A couple of weekends ago I was driving all three kids home from an over-night stay at their great grandpa’s with their cousins. They conked out about five minutes after getting on the freeway, exhaused from staying up late and suffering from excessive sugar hang overs.
I was somewhere between Cerritos and Buena Park on the 91 East when it hit me, hard, like a punch in the gut from late-80s Mike Tyson. Jax has been gone longer than he was here.
That’s fucked. Lonliness filled me with despair. For whatever reason, a quiet car has been a magnet of super shitty thoughts for me since Jax died. In that moment, all those feelings came rushing back. It only lasted for 10 minutes, but it left its mark. Then, as I do, I crammed those feelings way down deep. And now, here we are. Five years that I last rubbed my fingers through his hair, heard his voice, made him smile and gazed in to his gorgeous eyes.
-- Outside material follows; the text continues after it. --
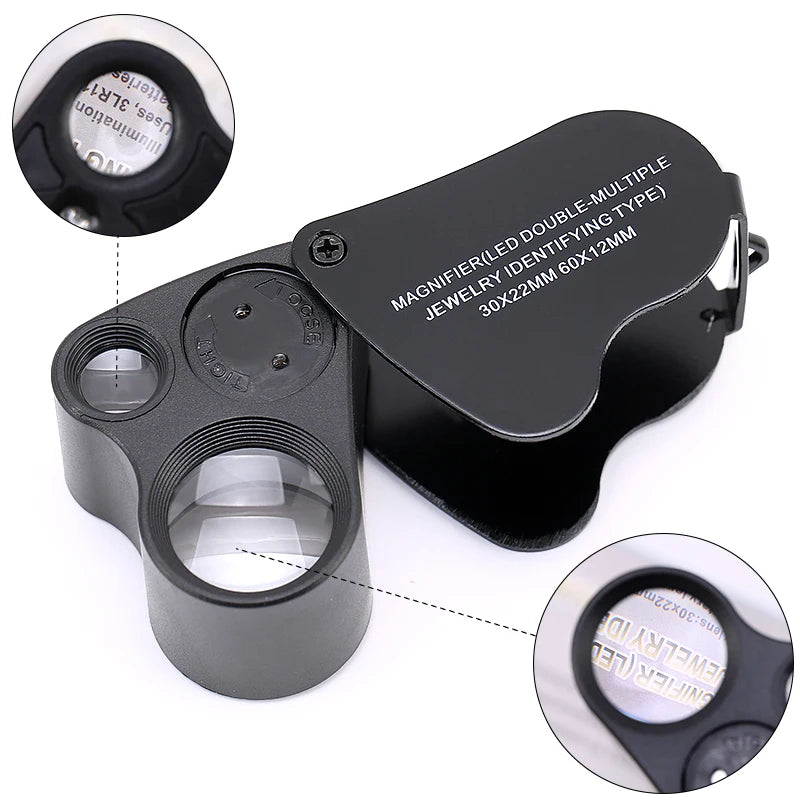 Folding Illuminated Jewellery Loupe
Saturday, the day of the remembrance, was rough. It was the hardest remembrance for me emotionally since the first year. The lack of booze didn’t help. At least at the Angel games I can numb myself up some. Disney’s El Capitan Theater offered no such relief. I didn’t want to be in my own skin. Acting natural felt forced, and I had trouble relaxing and just being.
Kristina missed most of the movie as Phoenix, who was missing his nap time, didn’t want to sit quietly. She was having a hard time Saturday, too, and this didn’t help.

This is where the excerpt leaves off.